Passando al colore invece come funzione narrativa possiamo fare gli esempi in cui fa notare il trascorrere del tempo tra una parte della tavola e l’altra, si pensi a quando Romeo riceve la notizia del ballo, oppure come presagio e si pensi a quando Amleto e Laerte si stanno preparando, entrambi in bianco e nero, mentre il rosso sangue si staglia sull’altare e sulla coppa (19esima doppia). Un’entrata luminosa quando c’è ancora la speranza seguita da un’uscita tetra quando si presagisce l’incombenza del fato. Poi i personaggi che sono solo comparse hanno di solito un colore spento, pallido, quelli in movimento sono più vivaci, ma anche uno che inizialmente è spento può animarsi acquisendo colore. Il colore può amplificare le emozioni, può essere complementare tra la parte sinistra e destra e così via. Una splendida trovata può essere la rivelazione della morte del Re in Amleto, di chiara ispirazione alle vetrate delle chiese (pag.9).

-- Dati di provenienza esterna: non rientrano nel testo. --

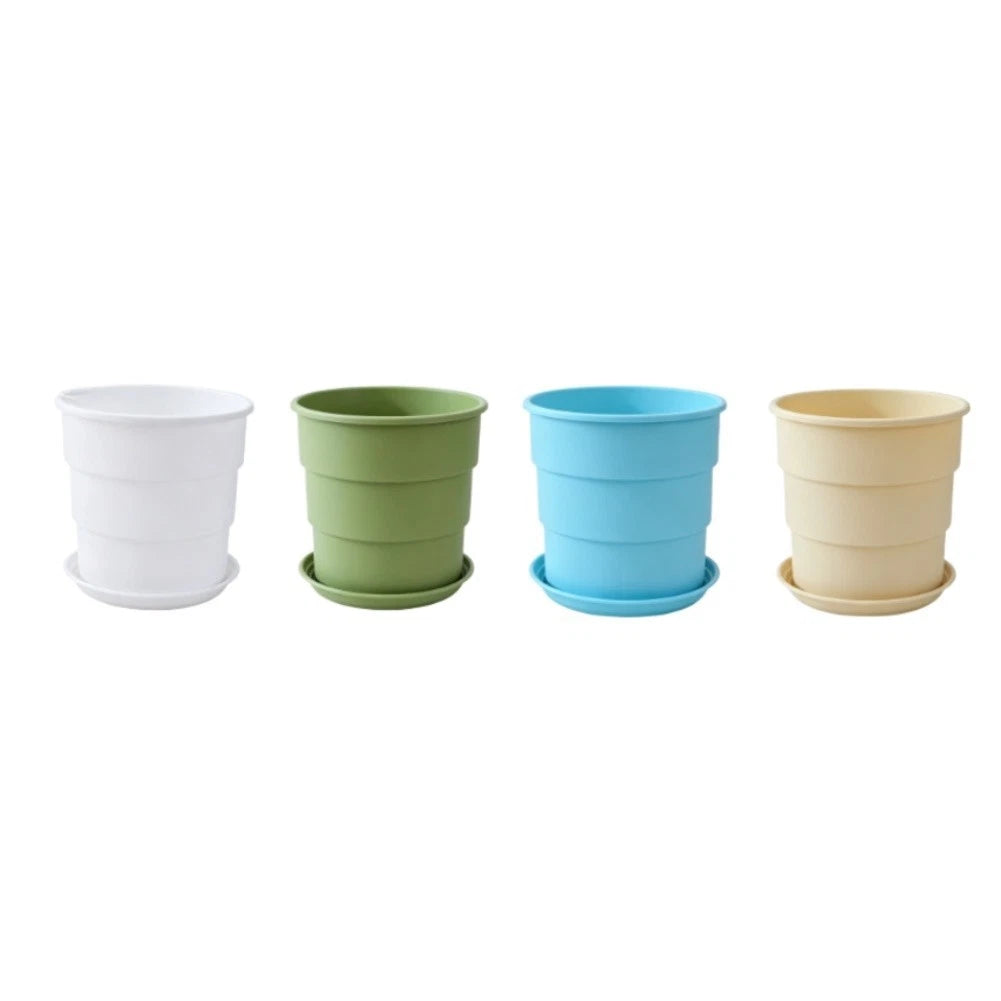 Resin Flower Pot for Healthy Plant Development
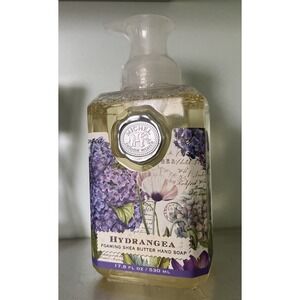 Michel Design Works SHEA BUTTER FOAMING HAND SOAP‎ Hydrangea Blossom 17.8 Oz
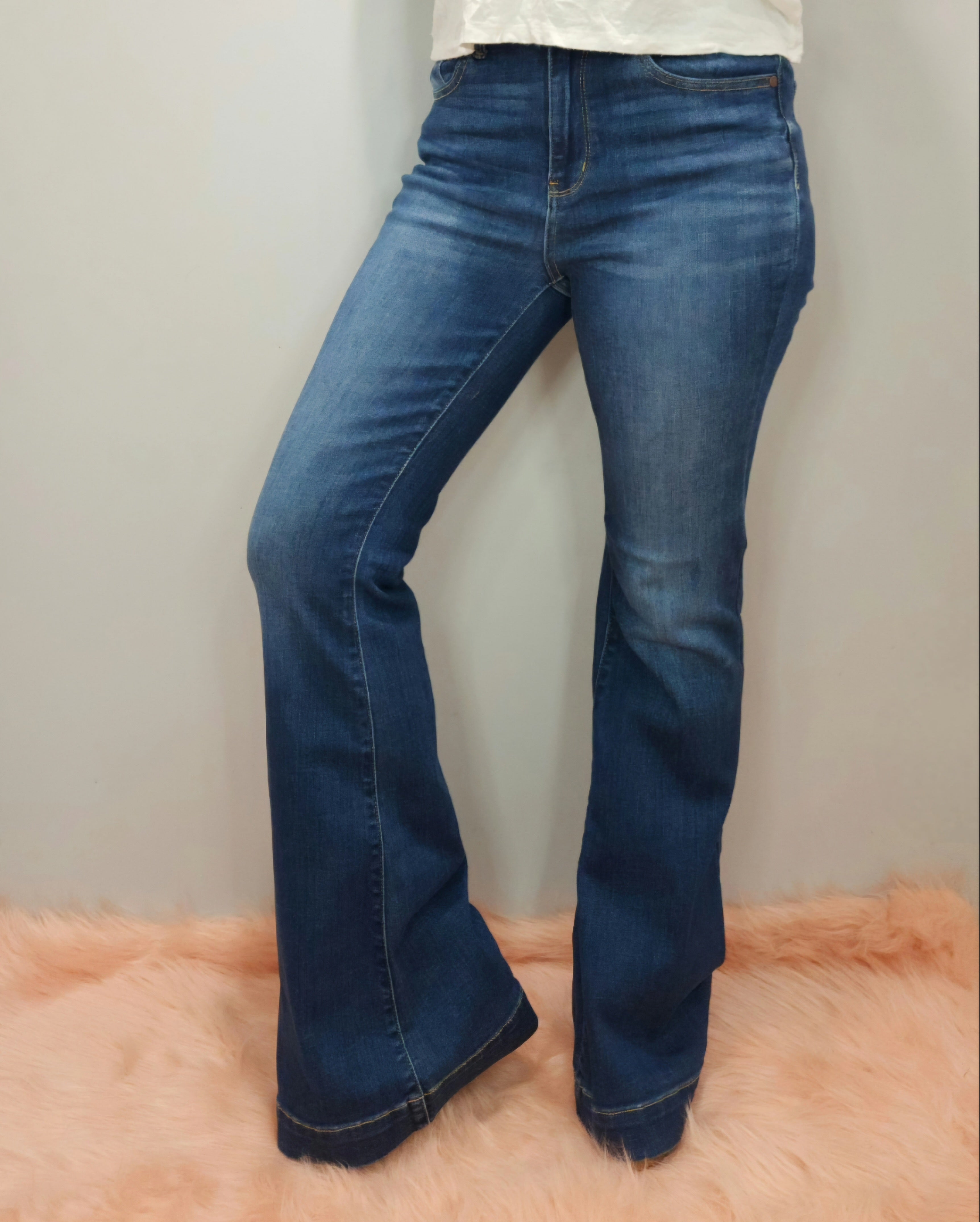 JB Wide Hem Flare Jeans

La cura e la ricerca storica sono sopraffine, ma l’ennesimo punto di forza di De Luca è la gestualità. E’ incredibile come riesca a trovare sempre espressioni convincenti, naturali e diverse in ogni scena.
Non che la fluidità debba per forza essere rispettata, dipende dall’opera, dal contesto e dagli intenti, ma De Luca è quel genio che riesce a farti leggere dal basso verso l’alto, da destra verso sinistra senza perderci in naturalezza e, se è arrivato a tanto, è perché non ha mai smesso di apprendere e studiare.
De Luca, in pratica, utilizza tutto il suo repertorio (e come non citare anche il fine uso del pointillisme) per creare un capolavoro senza tempo.
Sfortunatamente il disegnatore è destinato a restare nell'ombra e il motivo è soprattutto da ricercarsi nella sua dedizione a lavorare per la rivista cattolica per ragazzi. Questa è anche la sua stranezza, un rivoluzionario tradizionalista, ma del resto lo si può osservare anche nel suo carattere. Forse è proprio grazie al Giornalino che De Luca è riuscito a fare tutto ciò e, in breve, si può riassumere, citando nuovamente Rima, con l'utilizzo di “stratagemmi linguistici sofisticati e basati su una seria e profonda riflessione concettuale, in grado di arricchire lesperienza di lettura senza mai appesantirla.
De Luca sarà ricordato da pochi, al di là della tecnica che prende il suo nome, ma questa è un'altra storia.